From 1937 to 1944, he was named to the Boylston Professorship of Rhetoric and Oratory at Harvard. From 1948 to 1951 Hillyer was a visiting professor at Kenyon College. He also taught at the University of Delaware from 1952 until his death. While at Delaware Hillyer did various regular poetry readings between 1953-1960 which were recorded and are now available for listening through the university's archives.
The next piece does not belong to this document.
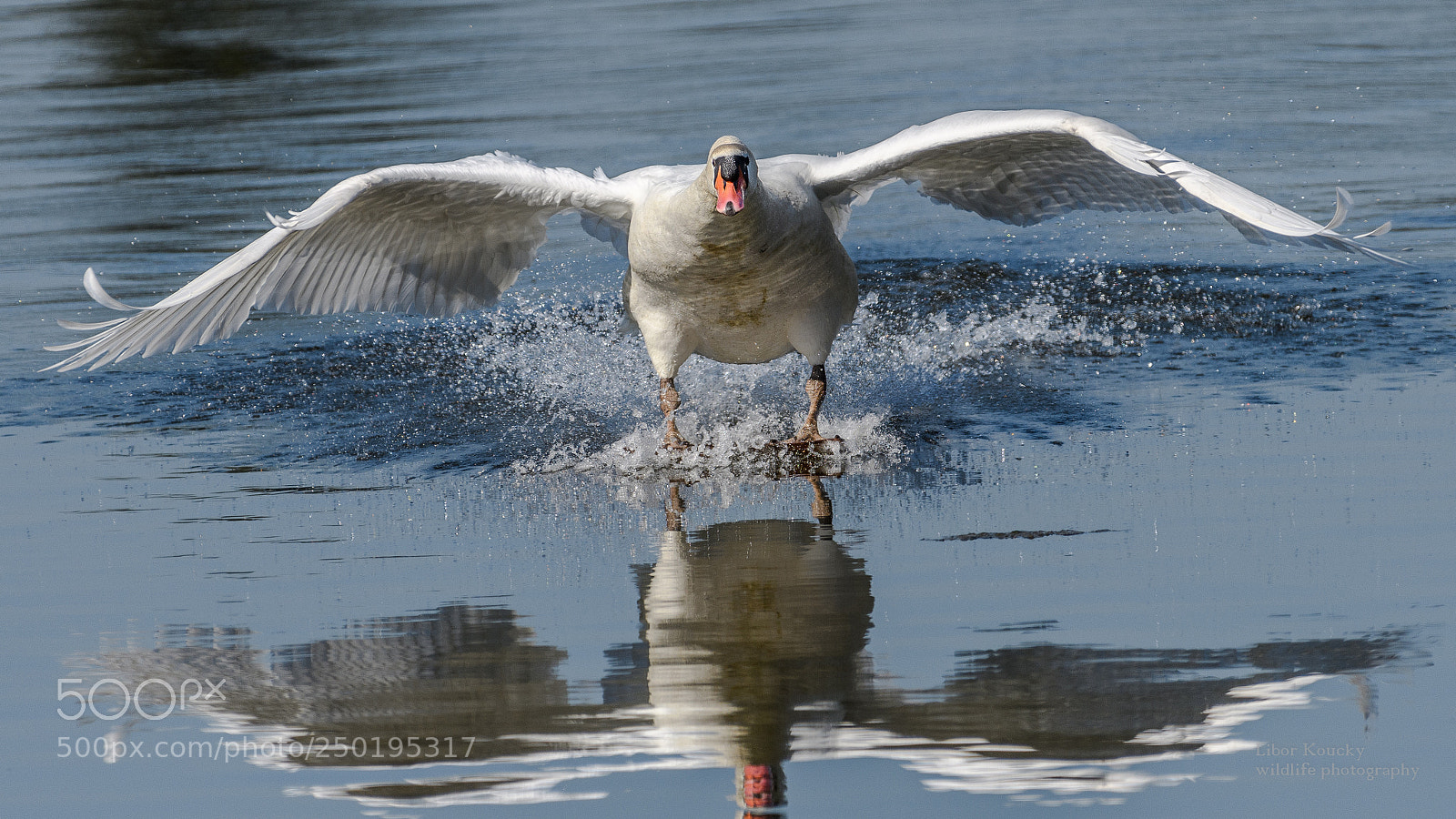 Nikon D500 sample photo. Mute swan photography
Over his academic life, Hillyer taught a number of writers (and poets)  who later became well-known such as Theodore Roethke, James Gould Cozzens,  Howard Nemerov,  James Agee, Norman Mailer, Robert Fitzgerald and  John Simon.

Poet 
In 1919, Hillyer described himself as “a conservative and religious poet in a radical and blasphemous age." In 1934, he received a Pulitzer Prize for Poetry for his book The Collected Verse of Robert Hillyer. His work is in meter and often rhyme and he tended to write about death, love and nature. He is known for his sonnets and for poems such as "Theme and Variations" (on his war experiences) and the light "Letter to Robert Frost."

He became president of the Conservative Poetry Society of America. In this capacity, he attacked modernist poets such as T. S. Eliot and Ezra Pound.

Awards and honors
 Pulitzer Prize for Poetry for "Collected Verse" in 1934.
 He was named to the Boylston Professorship of Rhetoric and Oratory at Harvard University in 1937.
 His papers are housed at Syracuse University.

Works

Poetry
 The Collected Poems (Alfred Knopf, 1961)
 The Relic & Other Poems (Knopf, 1957).
 The Suburb by the Sea: New Poems (Knopf, 1952)
 The Death of Captain Nemo: A Narrative Poem (A.A. Knopf, 1949)
 Poems for Music, 1917–1947. (1947)
 Pattern of a Day (1940)
 In a Time of Mistrust (1939)
 A Letter to Robert Frost and Others (1937).
 The Collected Verse of Robert Hillyer. (A. A. Knoft, 1933)
 The Gates of the Compass: A Poem in Four Parts Together with Twenty-Two Shorter Pieces (Viking Press, 1930)
 The Seventh Hill (Viking Press, 1928)
 The Halt in the Garden (Elkin Matthews,1925)
 The Coming Forth by Day: An Anthology of Poems from the Egyptian Book of the Dead (B.J. Brimmer Company, 1923)
 Hills Give Promise, a Volume of Lyrics, Together with Carmus: A Symphonic Poem (B.J. Brimmer Company, 1923)
 Alchemy: A Symphonic Poem (Kessinger Publishing, 1920)
 The Five Books of Youth (Brentano's, 1920)
 Sonnets and Other Lyrics (Harvard University Press, 1917)
 Eight Harvard Poets (1917), which included works by E. E. Cummings and John Dos Passos

Novels
 Riverhead (Alfred Knopf, 1932)
 My Heart for Hostage (Random House, 1942)  In 2022 this novel was digitized and made available for free download by Personville Press.

Criticism and scholarship
 In Pursuit of Poetry (McGraw-Hill, 1960)*
 First Principles of Verse. (The Writer, Inc., 1938).
 Some Roots of English Poetry (Wheaton College Press, 1933)

Editor and/or translator
 
 Kahlil Gibran. A Tear and a Smile. Introduction by Robert Hillyer. (A. A. Knopf, 1959).
 Eight More Harvard Poets. Edited by Samuel Foster Damon and Robert Hillyer. (Brentano, 1923)
 Complete Poetry and Selected Prose of John Donne and The Complete Poetry of William Blake, Introduction by Robert Hillyer, Random House: New York,  1941. pages xv-lv.

Personal 
In 1926, he married Dorothy Hancock Tilton. They had one son, but divorced in 1943.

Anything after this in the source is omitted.